Lithuania's finance and economics ministers resigned yesterday in protest against a privatisation deal that would see a 33 per cent stake in the country's oil refinery sold to Williams International, the US oil company.

Deep divisions over the deal, under which Williams would pay $150m for the stake and Lithuania would provide $400m to finance Mazheikiu Nafta's debts and working capital, are threatening to bring down the government of Rolandas Paksas, Lithuania's prime minister.

The proposed deal has also put the small Baltic country under pressure from Russia. The oil giant Lukoil has cut off supplies of crude to the refinery in protest. Lukoil had hoped to buy a controlling share in Mazheikiu Nafta.

Jonas Lionginas, the finance minister, and Eugenijus Maldeikis, the economy minister had headed the government's negotiations with Williams. They tendered their resignations on Monday, after the cabinet voted to continue the talks.

The two ministers were supported in their opposition by Mr Paksas, who has also refused to sign the deal, claiming the terms are too harsh. But on Tuesday, Valdas Adamkas, Lithuania's American-born president who has been an avid supporter of the sale to Williams, accepted the resignations.

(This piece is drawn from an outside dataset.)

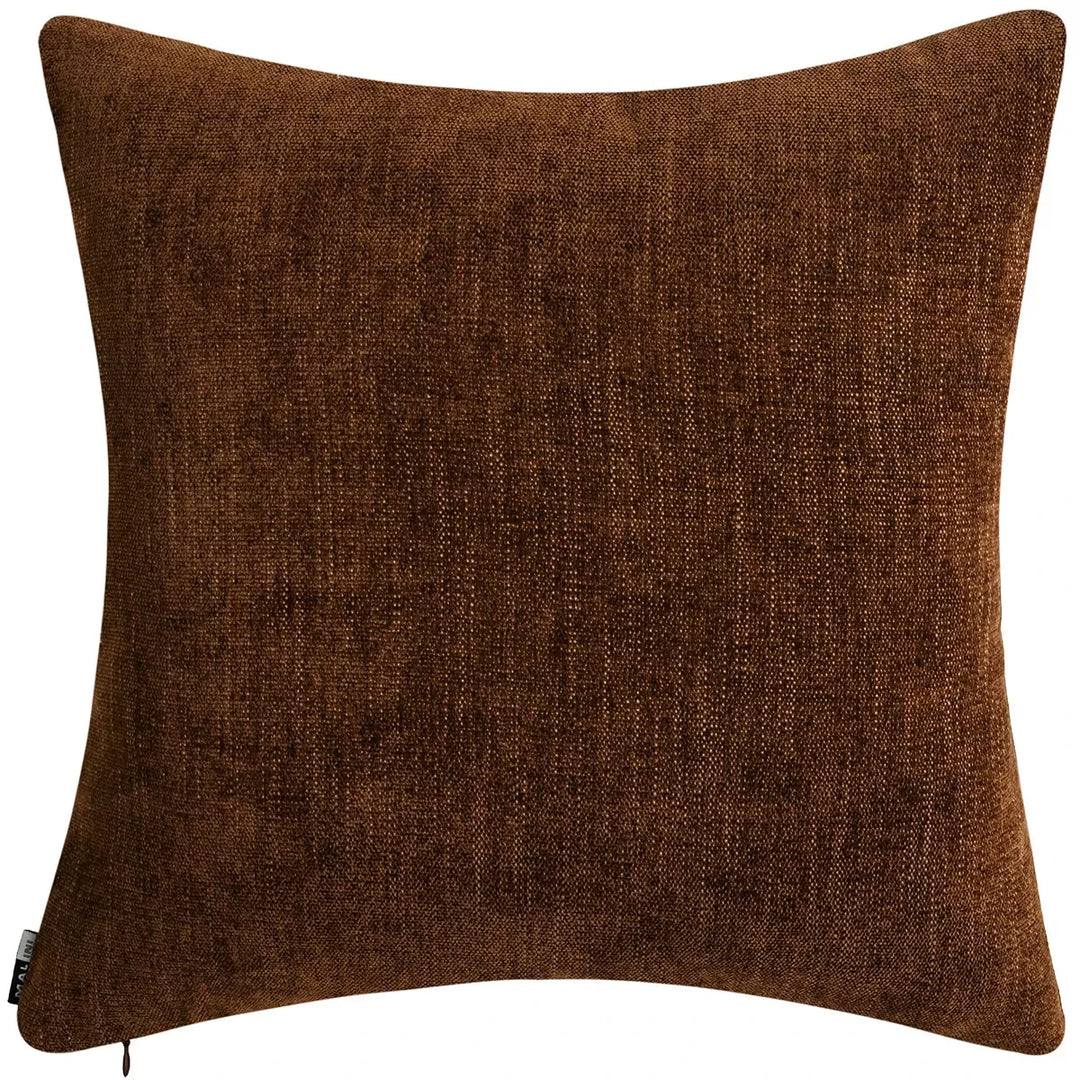Otis Patch Cushion 45x45cm - Brown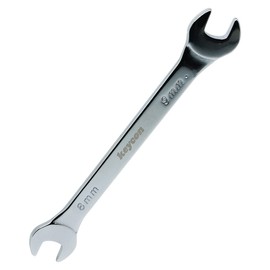 ExcInter Open Ended Spanner, 8x9mm Double End Silver Wrench 3mm Ultra Thin Repairing Tool for Use Under Narrow Space Conditions(1 PCS)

"I am not against Williams, I am not against privatisation, I am for beneficial terms," Mr Paksas said late on Monday night, after the 15-member cabinet voted to sign the agreement.

The Tulsa-based Williams has alienated members of the government with its demand that the state spend $400m to finance the ailing refinery's debts and supplement its working capital at a time when Lithuania is just recovering from the effects of the Russian crisis.

"I don't know how we arrived at this completely foolish agreement," said Eduardas Vilkas, economic adviser to the prime minister. "We must finance the $400m immediately, while the Americans stagger their payments. It isn't right."

While the Lithuanians argue over the terms of the sale to the US multinational, Lukoil has shut the taps on its crude oil supplies to Lithuania to put pressure on the government. Angered over the government's refusal to sell it a controlling stake in the refinery, Lukoil, Lithuania's sole crude supplier, now wants to raise its rates as a precondition to resuming supplies.

"This privatisation deal smells fishy," said Lukoil's Lithuania spokesman, Ivan Poleichick. "If they are so keen to deal with the Americans, let them go and buy oil from America."

Russian intransigence over the sale is responsible for the refinery's Litas 47.2m ($11.8m) loss in the first half of this year. Constant crude disruptions now threaten the viability of the refinery, which accounts for 10 per cent of Lithuania's GDP and contributes a quarter of the nation's taxes.

Although Lithuania can import oil through its newly built Butinge Terminal on the Baltic Sea, it is not a simple affair. A proposal to import crude from Iran, for example, met with harsh criticism from the US State Department.

Under pressure from two sides, some Lithuanians now think a new and open tender should be announced.